Левко знал лучше Реброва, когда тот помрет. Он консультировался об этом у одного известного врача. С теми симптомами цирроза печени, что рассказывал ему Ребров, с его кровотечениями из варикозных вен кишечника, он был уже на последней стадии и должен был умереть через полгода или год. Узнав об этом, Левко не огорчился. Нельзя сказать, что он обрадовался, все-таки он считал себя порядочным человеком. Но и не огорчился. Потому, что Левко давно уже боялся Реброва. Очень боялся. Тот даже ему иногда снился в ночных кошмарах. Про себя он даже называл его «нелюдь».
Levko knew better than his partner when he will certainly die, because he consulted this matter with a renowned doctor. With the symptoms of the cirrhosis of the liver that Rebrov told him once, with the bleedings from the bowel veins, he was already on the last stage of the decease and could live no longer than half a year, but perhaps even less. When Levko was told about it he wasn’t much distressed. He wasn’t glad too, because he considered himself a decent man, but certainly he was not distressed. Levko was afraid of Rebrov for a very long time. He often had nightmares with this man doing something cruel to him.
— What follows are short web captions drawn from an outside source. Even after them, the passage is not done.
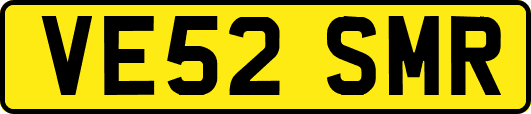 VE52SMR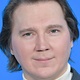 Пол Дано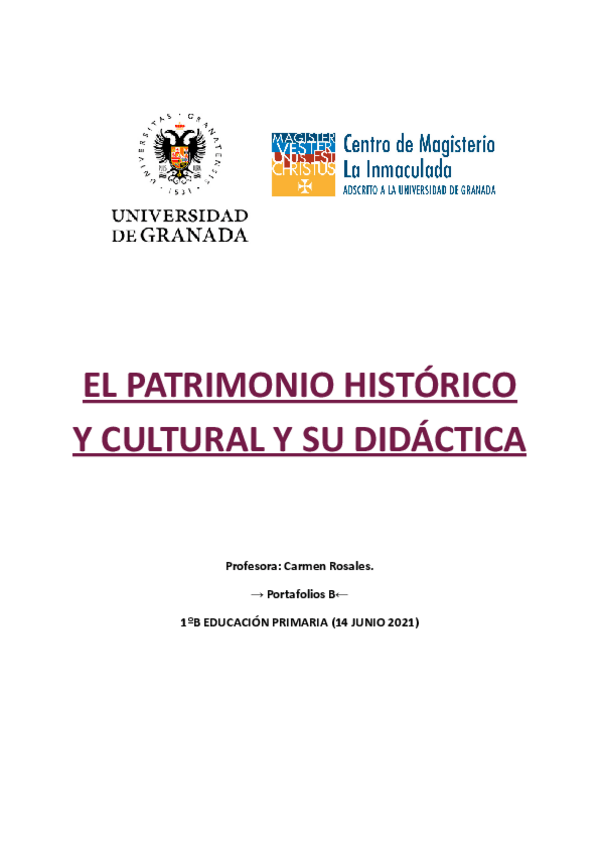 Miniatura del documento PORTAFOLIOS-B.pdf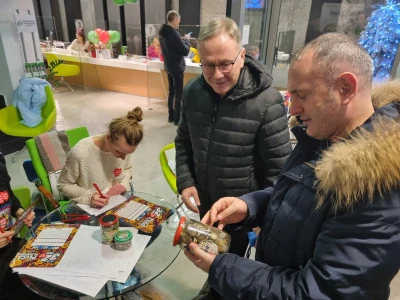 Zdjęcia: Starogard Gdański
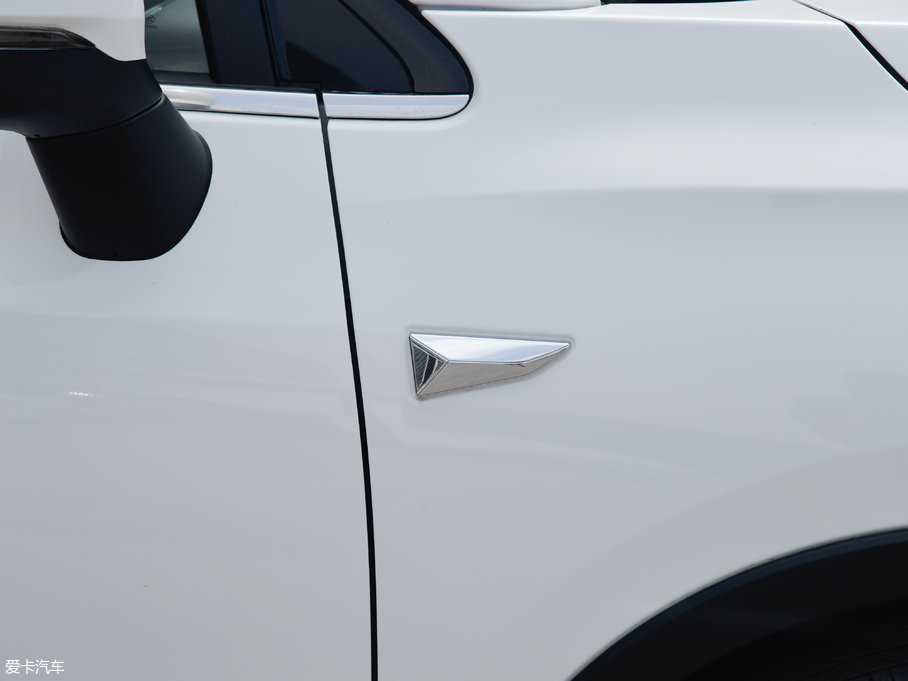 2017GS3 200T Ԅ(dng)A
He even called him in his mind nelud, werewolf in Russian, or devil.
Двенадцать лет тому назад, как оказалось только теперь, он недооценил Реброва. Он думал, что сумеет легко поладить, подчинить или разобраться с тем деревенским полуграмотным пареньком. Но тот оказался много круче, чем он думал, и много умнее. И в своем собственном банке Левко никогда уже не чувствовал себя полным хозяином. Потому что знал, видел сам не раз, что у Реброва только один аргумент для врага – смерть. На самом деле, это был весьма обычный аргумент в деловых кругах в те «лихие девяностые».
Twelve years ago, as it was apparent now, he underestimated Rebrov. He thought then that he could easily get along with this illiterate village lad, or bend him down, or at least do away with him any time he wanted to. Levko was wrong. This youngster happened to be much cooler than anyone he ever met before, and very clever. Since then Levko never felt himself a total boss in his bank. The only argument his new partner and security chief ever proposed for all business conflicts was death. In fact, that was quite a common argument in the business circles during those wild ninetieth years.
Ребров не остался ждать десерт, а Левко его не удерживал. Как только тот ушел, Левко кинулся к своим мониторам на столе и впился в них, просматривая все появившиеся за время его отсутствия цифры. Сегодня эти цифры, или, может быть, звезды на небе, были к нему благосклонны. Он, не глядя, нащупал рукой на своем столе всегда валяющиеся тут ключи от своего «Порше», с длинной медной цепочкой на кольце, и накрутил цепочку на свой палец. Эта медная цепочка была особенной, она приносила Левко «счастье». Он заметил это еще лет двадцать назад, когда был уличным валютным менялой. Он тогда впервые в жизни купил машину – «Жигули», и с тех пор всегда, когда стоял на улице, поджидая клиентов, крутил на пальце эту длинную цепочку. Цепочка с ключом от машины была и зримым знаком его растущего статуса, и одновременно некоторой угрозой каждому, кто бы подошел к нему близко с недобрыми намерениями. А такие намерения были вокруг у многих.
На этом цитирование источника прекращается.